His description of working here, as an American, is right on. The past month has been filled with frustrating days, disappointing meetings, and hours of dramatic venting, certainly this has been the “pounding” portion of the fufu making process, or for me, the research process, according to the Ambassador’s theory. However, he left out an important detail in the making of fufu, it’s most often made by two people working together. The two people develop a rhythm of pounding and turning the fufu to help blend the cassava and plantain. Once the fufu has been made the food is enjoyed by all parties in the home. Though this month has been filled with the “pouding” it has been filled with inspiring conversations, passing of wisdom, cultural activities, and a true appreciation for all of the blessings that I have been afforded.

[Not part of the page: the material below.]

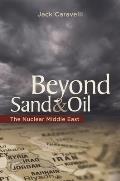 Beyond Sand and Oil: The Nuclear Middle East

The process of research, is not meant to be easy, and the field of global health is a far cry from convenient…anything. The challenges that I have been presented are miniscule compared to the challenges of so many others and are teaching me in the only way that field experience can.
So, with IRB approval and maps-in-the-making, after one month of “pounding,” I am about to embark on the actual field work and collection of data. I’m positive that this will bring an entirely new set of challenges and lessons. I am also sure that this will be “pounding” part 2 and while I’m not sure how many parts will be involved in my pounding process, I’m thankful to be moving past part 1. They say you can’t have your cake and eat it too…but I have yet to see someone who pounds their fufu and has not enjoyed eating it. I’m only in the beginning stages of my “fufu” but I know that when it’s done, it will be more than worth it!